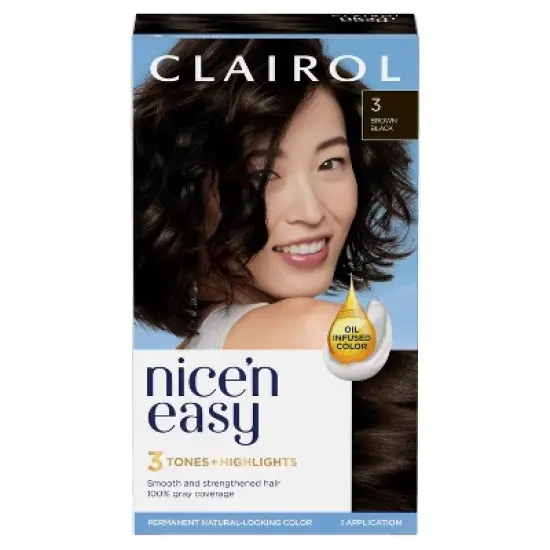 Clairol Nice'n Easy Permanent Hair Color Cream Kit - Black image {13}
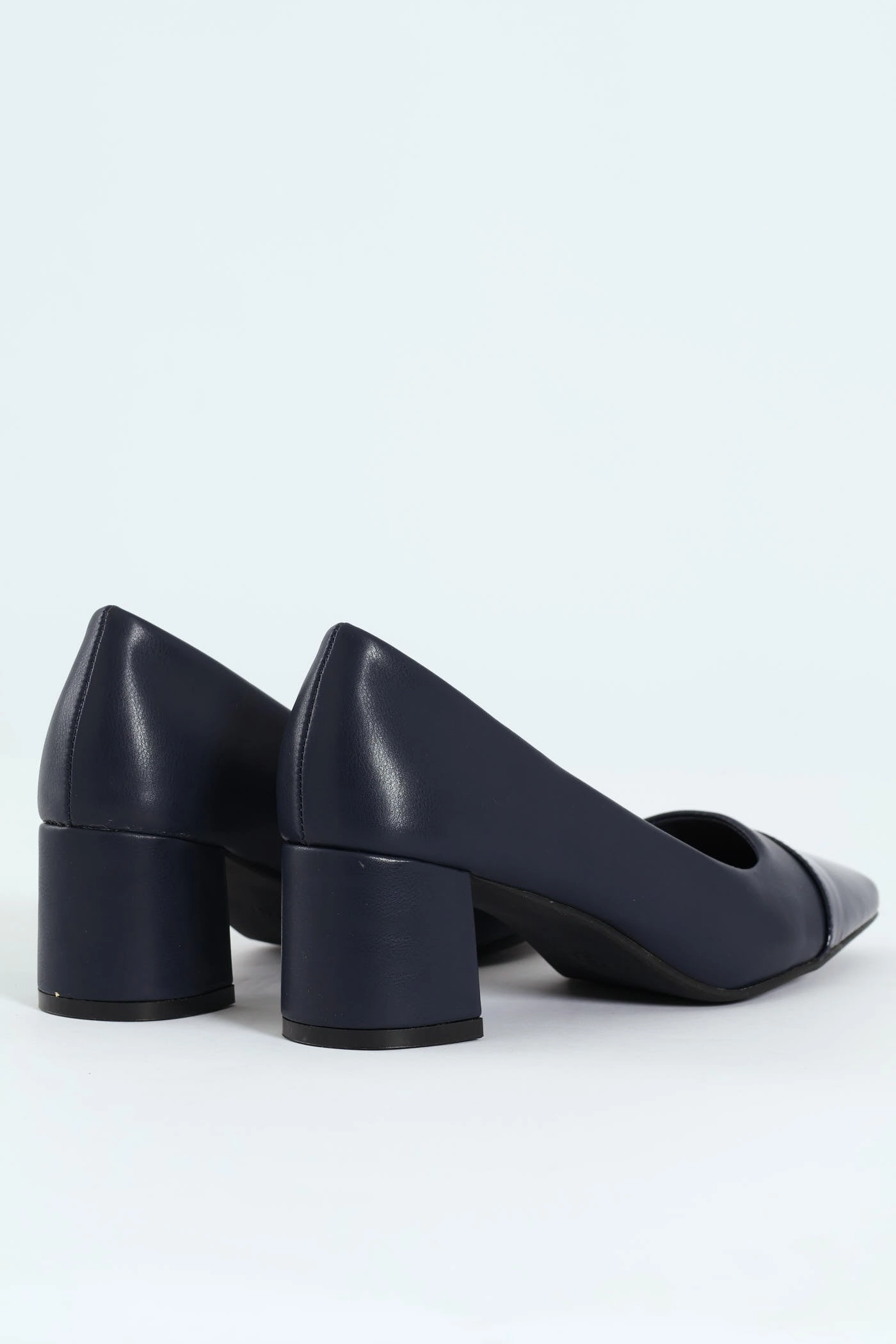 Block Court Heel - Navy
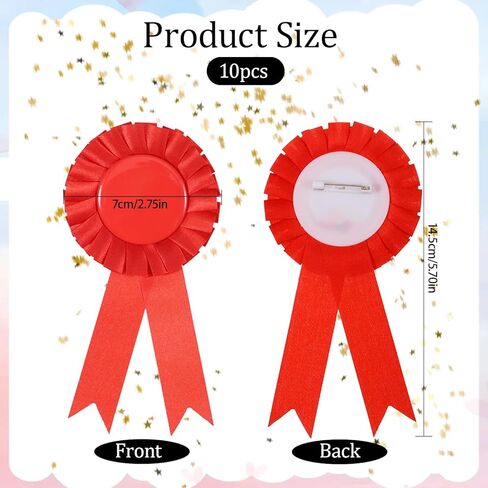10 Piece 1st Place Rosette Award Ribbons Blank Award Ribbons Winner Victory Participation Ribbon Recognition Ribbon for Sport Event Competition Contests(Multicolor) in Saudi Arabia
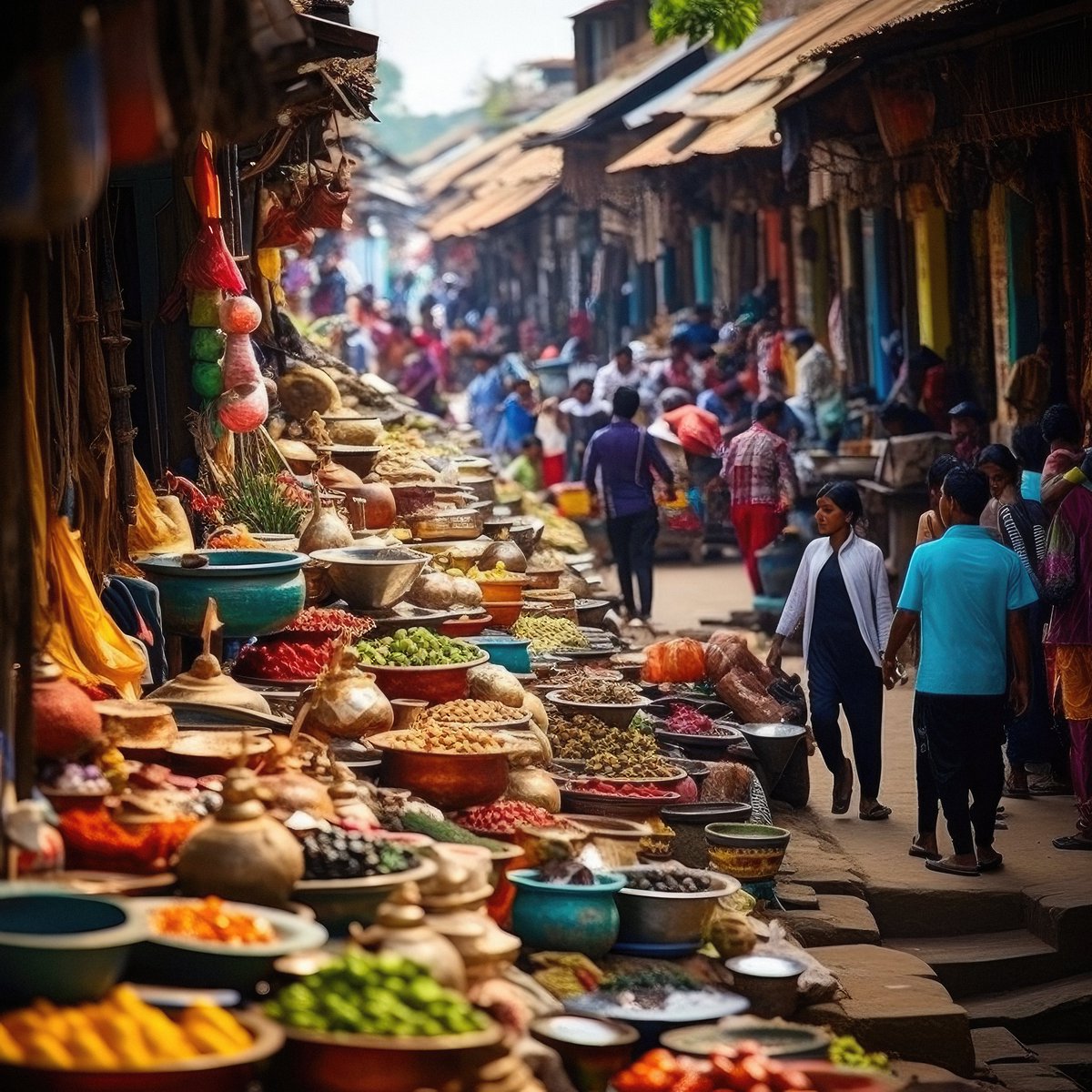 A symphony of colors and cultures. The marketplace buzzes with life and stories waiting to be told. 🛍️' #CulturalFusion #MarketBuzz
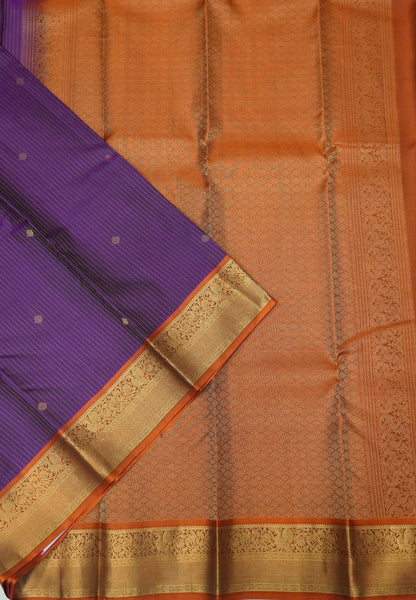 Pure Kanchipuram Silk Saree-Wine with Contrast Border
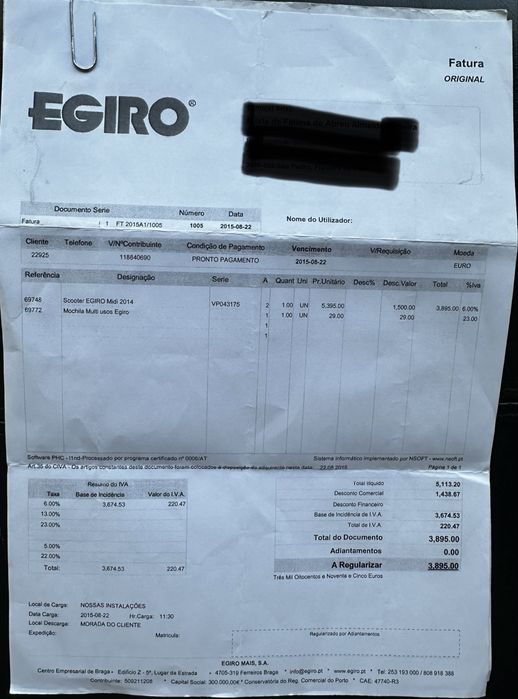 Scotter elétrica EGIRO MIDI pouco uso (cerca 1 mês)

### Problem details
From the line with "Block Court Heel - Navy" up to and including the line with "Pure Kanchipuram Silk" above, retype every line exactly and nothing more; leave out the pictures.

### Answer
 Block Court Heel - Navy
10 Piece 1st Place Rosette Award Ribbons Blank Award Ribbons Winner Victory Participation Ribbon Recognition Ribbon for Sport Event Competition Contests(Multicolor) in Saudi Arabia
 A symphony of colors and cultures. The marketplace buzzes with life and stories waiting to be told. 🛍️' #CulturalFusion #MarketBuzz
 Pure Kanchipuram Silk Saree-Wine with Contrast Border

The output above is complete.